I don’t exactly remember how it happened or if anybody even told me I was paralyzed, but from the look on my sister’s face after she talked to a doctor, I could basically put two and two together, and I understood what was going on. I honestly thought it was a bad dream at first and kind of treated it like it wasn’t a big deal. I was also on A LOT of pain medication. After a few days reality set in, and we realized it was going to be a long road.

I know what happened to me was really tragic, but I never understood why when people came to visit it was always seemed like they didn’t know what to say, they just kind of looked at me and let me talk. I always found myself trying to comfort them, and explaining to them I would be ok. It didn’t bother me, but you would have thought they were just told I only had 3 days to live or something.

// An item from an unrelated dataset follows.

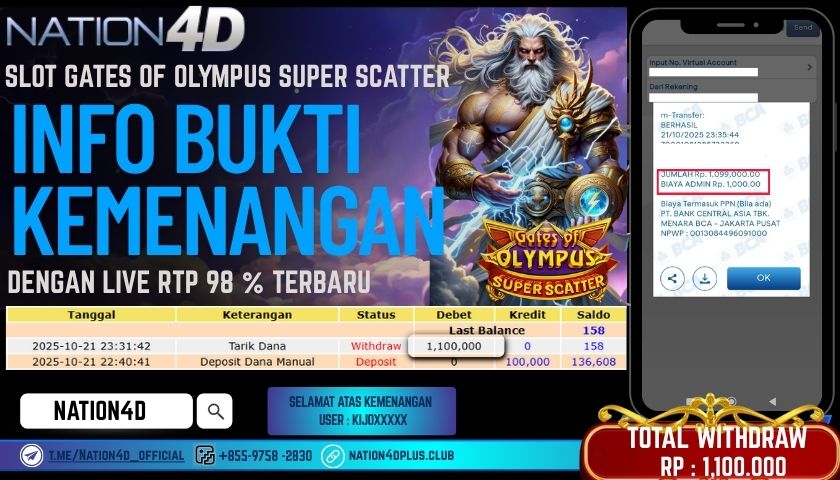 NATION4D -SLOT GATES OF OLYMPUS SUPER SCATTER RP. 1,100.000 LUNAS!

I found out I would never walk again.

I don’t know if it’s the way I’m wired or it’s something else, but I don’t ever remember having a break down after I found out I would never walk again. I don’t know why, because that’s a completely normal thing to do. Once I found out, it took a day or two to set in then I just accepted it for what it was. I knew I had to be strong because I thought that was my only option. It probably seemed like I didn’t care, but my mindset was, ‘you’re never going to walk again, you probably should be dead, so get over it.’ And I guess that was the right thing to do because it’s been 2 1/2 years and I’ve never had any type of depression or anything like that. That probably wouldn’t work for everybody but it worked for me.

I was in a hospital outside of Kansas City for two weeks after my accident and decided I was going to go to Craig Hospital in Denver, Colorado, for my rehabilitation. This ended up being the best decision we could ever make.